DATA TO EXAMINE
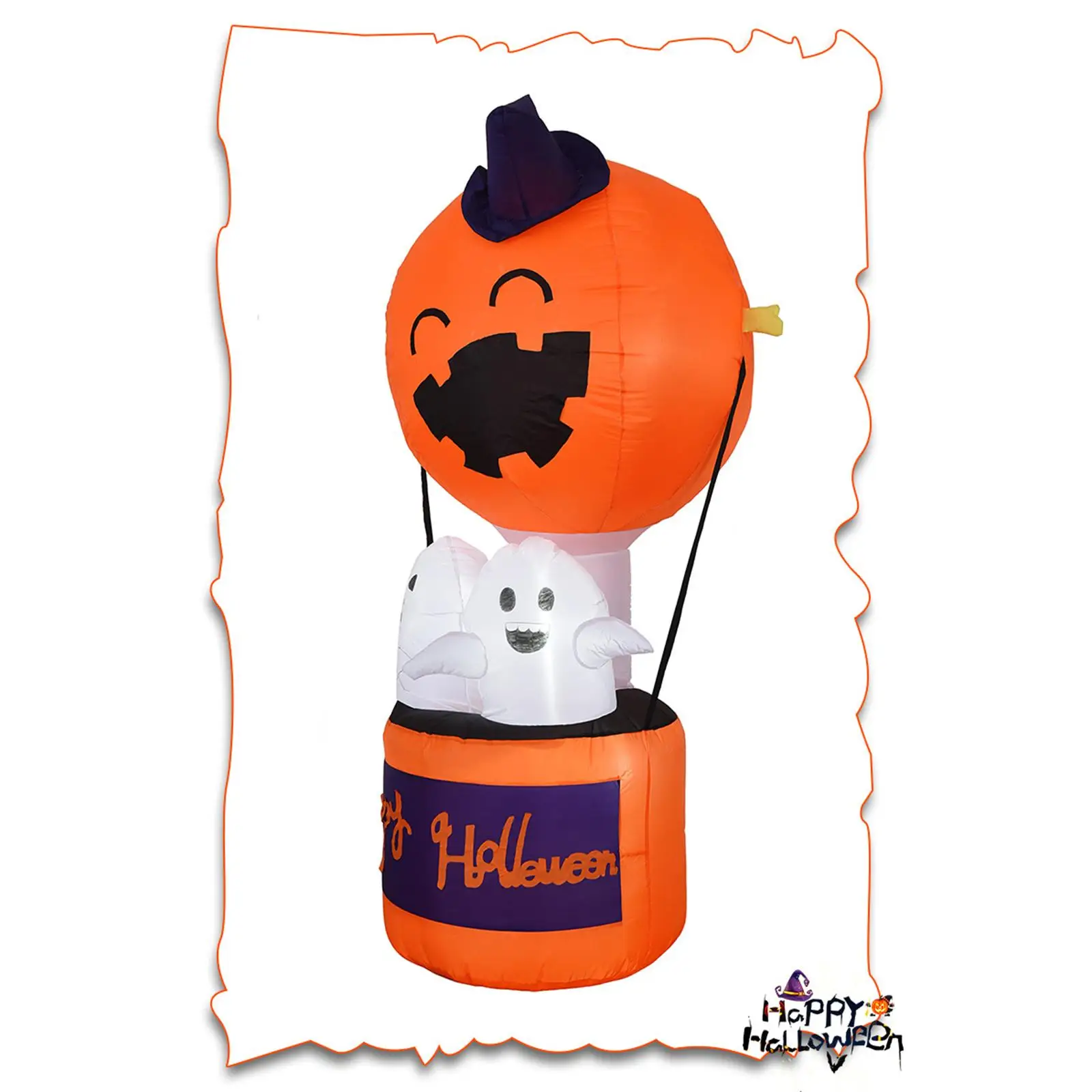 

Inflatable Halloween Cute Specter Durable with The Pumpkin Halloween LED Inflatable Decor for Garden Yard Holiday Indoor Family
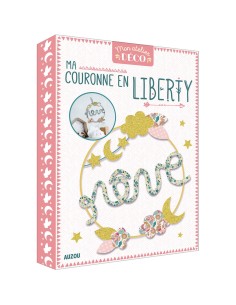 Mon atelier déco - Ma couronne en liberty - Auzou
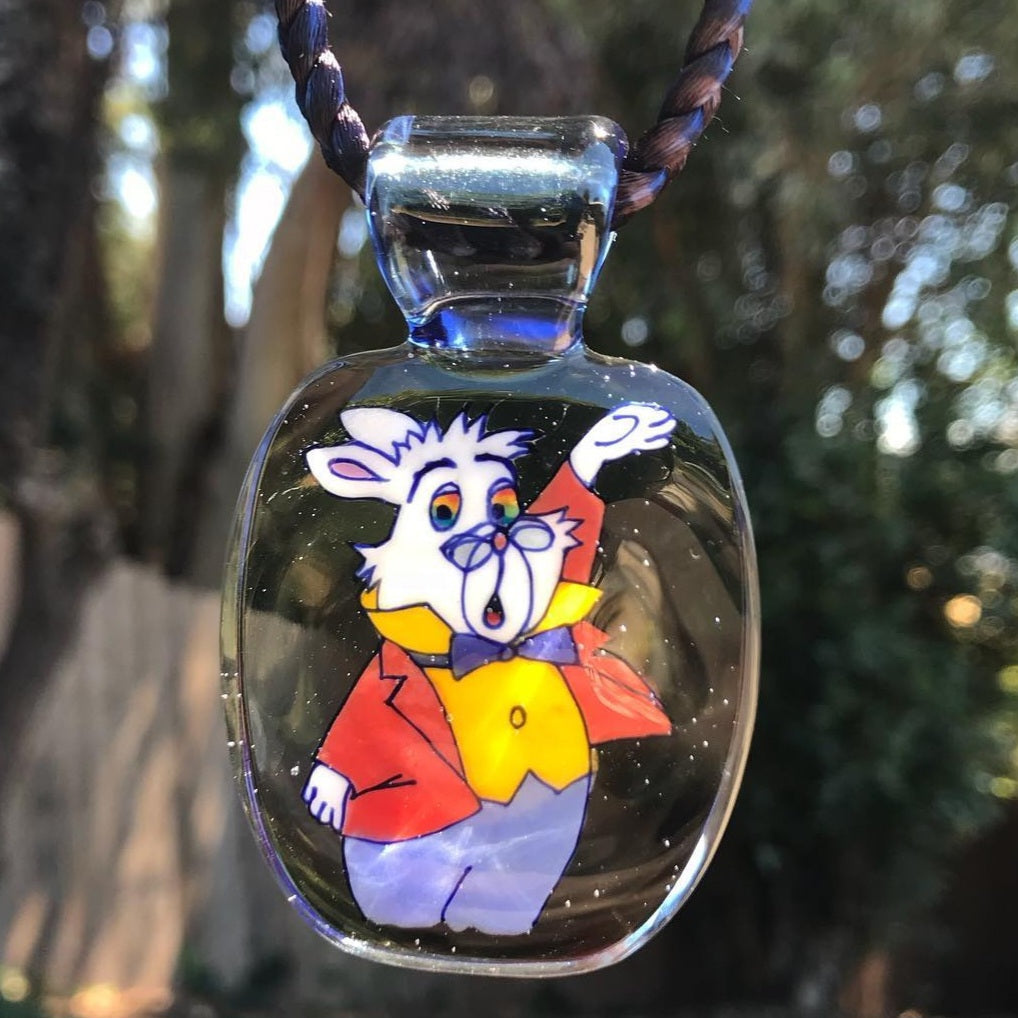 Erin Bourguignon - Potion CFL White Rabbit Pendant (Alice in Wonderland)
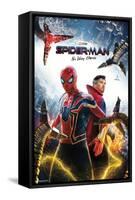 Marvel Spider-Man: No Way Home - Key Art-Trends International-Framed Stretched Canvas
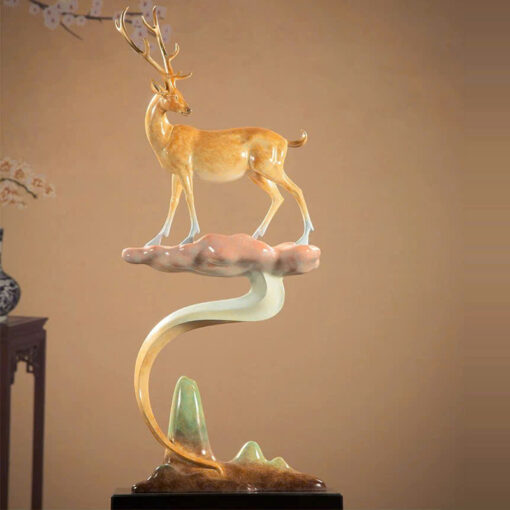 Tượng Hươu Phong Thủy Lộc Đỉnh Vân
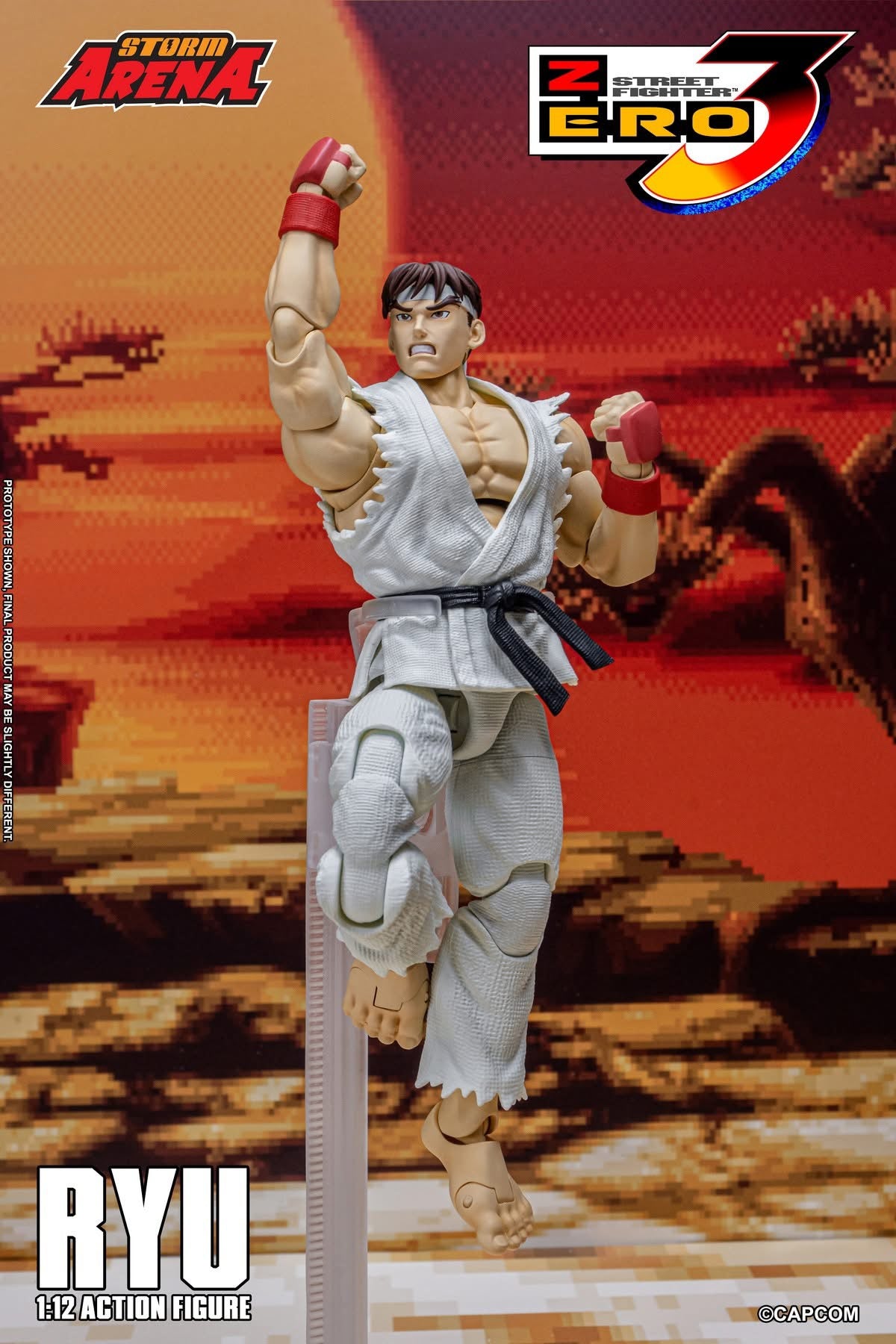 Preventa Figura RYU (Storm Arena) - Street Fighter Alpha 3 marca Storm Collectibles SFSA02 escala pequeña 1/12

ASSIGNMENT
Every entry above needs to be retyped exactly; drop the pictures.

SOLUTION TO THE PROBLEM
Inflatable Halloween Cute Specter Durable with The Pumpkin Halloween LED Inflatable Decor for Garden Yard Holiday Indoor Family
 Mon atelier déco - Ma couronne en liberty - Auzou
 Erin Bourguignon - Potion CFL White Rabbit Pendant (Alice in Wonderland)
 Marvel Spider-Man: No Way Home - Key Art-Trends International-Framed Stretched Canvas
 Tượng Hươu Phong Thủy Lộc Đỉnh Vân
 Preventa Figura RYU (Storm Arena) - Street Fighter Alpha 3 marca Storm Collectibles SFSA02 escala pequeña 1/12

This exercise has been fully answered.